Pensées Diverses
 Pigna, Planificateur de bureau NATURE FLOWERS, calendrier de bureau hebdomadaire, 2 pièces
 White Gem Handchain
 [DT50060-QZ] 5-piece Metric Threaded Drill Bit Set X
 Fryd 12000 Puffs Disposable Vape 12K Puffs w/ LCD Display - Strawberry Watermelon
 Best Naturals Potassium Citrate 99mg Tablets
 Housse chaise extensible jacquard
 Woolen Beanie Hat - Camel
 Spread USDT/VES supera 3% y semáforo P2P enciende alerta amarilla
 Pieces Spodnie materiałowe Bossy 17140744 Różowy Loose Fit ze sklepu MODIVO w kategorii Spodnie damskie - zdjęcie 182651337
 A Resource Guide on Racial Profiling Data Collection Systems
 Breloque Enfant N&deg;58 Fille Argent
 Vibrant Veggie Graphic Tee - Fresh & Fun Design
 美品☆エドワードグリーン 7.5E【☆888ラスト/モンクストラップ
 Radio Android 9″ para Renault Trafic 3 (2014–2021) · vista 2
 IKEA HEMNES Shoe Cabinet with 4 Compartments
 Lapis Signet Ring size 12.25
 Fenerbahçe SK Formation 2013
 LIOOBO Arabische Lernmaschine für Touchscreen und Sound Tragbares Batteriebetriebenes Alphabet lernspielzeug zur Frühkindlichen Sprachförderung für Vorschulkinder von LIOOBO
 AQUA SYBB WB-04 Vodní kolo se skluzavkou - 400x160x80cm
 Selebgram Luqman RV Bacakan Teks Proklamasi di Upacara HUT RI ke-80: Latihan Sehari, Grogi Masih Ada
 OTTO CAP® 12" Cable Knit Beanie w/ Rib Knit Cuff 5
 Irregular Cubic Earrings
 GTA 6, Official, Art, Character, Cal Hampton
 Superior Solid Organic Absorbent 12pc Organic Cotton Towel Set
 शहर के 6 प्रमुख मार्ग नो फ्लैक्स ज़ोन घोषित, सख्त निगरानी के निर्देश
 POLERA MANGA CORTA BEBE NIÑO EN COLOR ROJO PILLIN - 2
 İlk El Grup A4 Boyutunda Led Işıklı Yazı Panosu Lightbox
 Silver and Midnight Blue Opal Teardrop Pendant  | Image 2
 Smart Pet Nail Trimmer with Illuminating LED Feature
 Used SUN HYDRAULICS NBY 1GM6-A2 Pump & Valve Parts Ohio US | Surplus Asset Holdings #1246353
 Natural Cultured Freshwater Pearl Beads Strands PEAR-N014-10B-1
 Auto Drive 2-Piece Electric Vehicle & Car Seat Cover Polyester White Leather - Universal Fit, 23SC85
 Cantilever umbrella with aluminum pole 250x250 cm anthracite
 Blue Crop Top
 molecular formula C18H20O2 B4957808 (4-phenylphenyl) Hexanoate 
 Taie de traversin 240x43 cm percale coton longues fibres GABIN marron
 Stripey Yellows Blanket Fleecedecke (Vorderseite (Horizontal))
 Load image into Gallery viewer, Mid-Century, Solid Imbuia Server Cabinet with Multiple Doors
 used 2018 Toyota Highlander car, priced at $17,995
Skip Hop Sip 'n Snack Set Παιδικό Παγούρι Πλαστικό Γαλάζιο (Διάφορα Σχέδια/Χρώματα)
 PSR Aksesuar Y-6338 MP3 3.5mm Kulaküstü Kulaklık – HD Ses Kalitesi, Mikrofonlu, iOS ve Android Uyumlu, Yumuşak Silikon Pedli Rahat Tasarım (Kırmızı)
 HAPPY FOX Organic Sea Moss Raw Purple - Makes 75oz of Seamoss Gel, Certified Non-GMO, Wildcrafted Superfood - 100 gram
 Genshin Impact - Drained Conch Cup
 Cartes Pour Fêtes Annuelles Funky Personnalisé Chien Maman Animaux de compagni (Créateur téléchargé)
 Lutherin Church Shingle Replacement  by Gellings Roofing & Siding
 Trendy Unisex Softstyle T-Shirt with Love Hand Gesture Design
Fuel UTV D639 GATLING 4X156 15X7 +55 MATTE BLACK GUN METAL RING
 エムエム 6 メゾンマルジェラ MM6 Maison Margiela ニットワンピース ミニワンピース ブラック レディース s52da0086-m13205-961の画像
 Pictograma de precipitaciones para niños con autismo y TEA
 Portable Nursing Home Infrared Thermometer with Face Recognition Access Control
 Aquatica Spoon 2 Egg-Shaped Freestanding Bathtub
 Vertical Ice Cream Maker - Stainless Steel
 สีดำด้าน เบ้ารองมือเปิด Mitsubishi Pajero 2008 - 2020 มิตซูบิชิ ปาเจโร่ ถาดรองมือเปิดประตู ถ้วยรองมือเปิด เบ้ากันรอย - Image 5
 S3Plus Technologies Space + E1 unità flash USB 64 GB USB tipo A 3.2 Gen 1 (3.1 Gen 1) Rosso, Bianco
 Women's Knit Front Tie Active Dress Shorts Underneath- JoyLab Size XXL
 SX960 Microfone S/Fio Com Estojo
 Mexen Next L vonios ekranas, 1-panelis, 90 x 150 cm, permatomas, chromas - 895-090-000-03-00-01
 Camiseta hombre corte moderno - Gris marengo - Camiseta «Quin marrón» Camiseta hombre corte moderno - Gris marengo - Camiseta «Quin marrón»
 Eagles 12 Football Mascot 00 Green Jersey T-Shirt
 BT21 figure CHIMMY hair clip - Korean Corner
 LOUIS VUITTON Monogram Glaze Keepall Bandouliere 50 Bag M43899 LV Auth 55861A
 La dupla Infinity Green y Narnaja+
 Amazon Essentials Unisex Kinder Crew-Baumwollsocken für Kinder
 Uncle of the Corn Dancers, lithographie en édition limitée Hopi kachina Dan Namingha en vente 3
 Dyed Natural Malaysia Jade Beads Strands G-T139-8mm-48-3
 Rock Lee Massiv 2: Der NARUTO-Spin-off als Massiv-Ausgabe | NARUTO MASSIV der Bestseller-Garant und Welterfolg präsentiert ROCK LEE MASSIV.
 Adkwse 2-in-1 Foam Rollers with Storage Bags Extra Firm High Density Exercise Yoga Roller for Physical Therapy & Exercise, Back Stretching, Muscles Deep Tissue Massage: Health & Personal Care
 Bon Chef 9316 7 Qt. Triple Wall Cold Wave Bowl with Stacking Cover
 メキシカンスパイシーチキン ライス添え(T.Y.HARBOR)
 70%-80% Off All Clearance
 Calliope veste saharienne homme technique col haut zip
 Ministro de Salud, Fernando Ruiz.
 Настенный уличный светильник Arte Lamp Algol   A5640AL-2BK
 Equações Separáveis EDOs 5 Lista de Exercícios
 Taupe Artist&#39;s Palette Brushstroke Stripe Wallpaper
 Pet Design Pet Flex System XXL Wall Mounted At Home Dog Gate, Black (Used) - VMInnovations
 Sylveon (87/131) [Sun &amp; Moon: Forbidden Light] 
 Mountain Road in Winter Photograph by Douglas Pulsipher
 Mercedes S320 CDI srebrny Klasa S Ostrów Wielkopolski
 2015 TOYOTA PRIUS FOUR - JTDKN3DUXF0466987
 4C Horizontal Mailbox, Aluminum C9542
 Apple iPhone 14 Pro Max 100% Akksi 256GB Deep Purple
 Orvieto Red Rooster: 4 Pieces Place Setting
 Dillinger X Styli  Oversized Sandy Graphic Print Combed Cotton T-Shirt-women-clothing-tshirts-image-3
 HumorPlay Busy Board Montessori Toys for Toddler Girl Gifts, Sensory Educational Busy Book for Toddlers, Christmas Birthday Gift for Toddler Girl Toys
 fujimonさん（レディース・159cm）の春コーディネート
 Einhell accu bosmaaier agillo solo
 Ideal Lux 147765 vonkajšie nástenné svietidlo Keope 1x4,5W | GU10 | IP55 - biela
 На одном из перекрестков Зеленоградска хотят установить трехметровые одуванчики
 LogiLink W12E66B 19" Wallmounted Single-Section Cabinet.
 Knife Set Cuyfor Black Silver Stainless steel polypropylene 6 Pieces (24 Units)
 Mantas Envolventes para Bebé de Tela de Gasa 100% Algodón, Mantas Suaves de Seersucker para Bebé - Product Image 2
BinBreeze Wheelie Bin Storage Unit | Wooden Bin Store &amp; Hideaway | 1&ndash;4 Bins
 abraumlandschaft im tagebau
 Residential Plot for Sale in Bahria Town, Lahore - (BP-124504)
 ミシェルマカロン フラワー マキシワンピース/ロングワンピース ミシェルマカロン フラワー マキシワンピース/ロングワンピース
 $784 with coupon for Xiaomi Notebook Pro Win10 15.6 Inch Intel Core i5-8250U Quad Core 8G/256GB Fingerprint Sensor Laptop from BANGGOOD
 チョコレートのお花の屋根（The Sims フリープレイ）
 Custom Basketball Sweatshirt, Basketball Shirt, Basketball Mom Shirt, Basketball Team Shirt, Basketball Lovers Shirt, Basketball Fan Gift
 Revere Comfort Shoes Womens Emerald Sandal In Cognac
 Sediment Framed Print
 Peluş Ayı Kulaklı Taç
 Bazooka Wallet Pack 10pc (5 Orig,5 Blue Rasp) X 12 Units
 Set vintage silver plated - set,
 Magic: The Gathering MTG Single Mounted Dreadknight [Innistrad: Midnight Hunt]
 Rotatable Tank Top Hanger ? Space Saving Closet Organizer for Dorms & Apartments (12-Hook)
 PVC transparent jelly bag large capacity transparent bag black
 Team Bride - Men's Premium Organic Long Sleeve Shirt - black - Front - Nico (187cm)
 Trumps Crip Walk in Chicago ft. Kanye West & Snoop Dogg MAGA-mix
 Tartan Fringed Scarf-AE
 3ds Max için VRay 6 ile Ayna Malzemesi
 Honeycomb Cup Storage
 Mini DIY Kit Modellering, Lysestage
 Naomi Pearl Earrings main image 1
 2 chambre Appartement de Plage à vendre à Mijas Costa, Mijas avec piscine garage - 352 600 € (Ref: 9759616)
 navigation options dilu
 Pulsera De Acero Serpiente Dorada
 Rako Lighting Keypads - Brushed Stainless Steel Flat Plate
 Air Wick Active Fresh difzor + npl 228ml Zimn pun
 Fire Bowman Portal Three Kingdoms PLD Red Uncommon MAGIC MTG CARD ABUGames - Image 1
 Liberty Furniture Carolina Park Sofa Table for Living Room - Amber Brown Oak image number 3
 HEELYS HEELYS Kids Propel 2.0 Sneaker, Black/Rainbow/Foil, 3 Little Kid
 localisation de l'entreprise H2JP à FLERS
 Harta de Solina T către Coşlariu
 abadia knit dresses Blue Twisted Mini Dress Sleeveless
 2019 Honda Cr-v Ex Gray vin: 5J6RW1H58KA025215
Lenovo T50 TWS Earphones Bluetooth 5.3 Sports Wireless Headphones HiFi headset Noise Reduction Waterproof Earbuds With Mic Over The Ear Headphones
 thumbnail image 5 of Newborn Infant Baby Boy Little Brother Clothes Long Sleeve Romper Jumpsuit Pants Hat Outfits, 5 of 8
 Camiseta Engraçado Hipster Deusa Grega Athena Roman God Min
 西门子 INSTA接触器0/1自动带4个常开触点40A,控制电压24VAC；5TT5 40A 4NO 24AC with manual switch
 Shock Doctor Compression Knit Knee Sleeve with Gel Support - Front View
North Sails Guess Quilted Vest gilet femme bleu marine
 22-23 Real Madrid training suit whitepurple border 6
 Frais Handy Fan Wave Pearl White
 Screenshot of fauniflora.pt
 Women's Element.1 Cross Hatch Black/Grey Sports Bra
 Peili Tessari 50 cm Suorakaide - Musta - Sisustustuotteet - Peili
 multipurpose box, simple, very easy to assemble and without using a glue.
****************************************
• [TASK ITEM] Reproduce each line in the listing above that mentions the string "Design".

• [ANSWER SECTION]
 Vibrant Veggie Graphic Tee - Fresh & Fun Design
 Trendy Unisex Softstyle T-Shirt with Love Hand Gesture Design
 Pet Design Pet Flex System XXL Wall Mounted At Home Dog Gate, Black (Used) - VMInnovations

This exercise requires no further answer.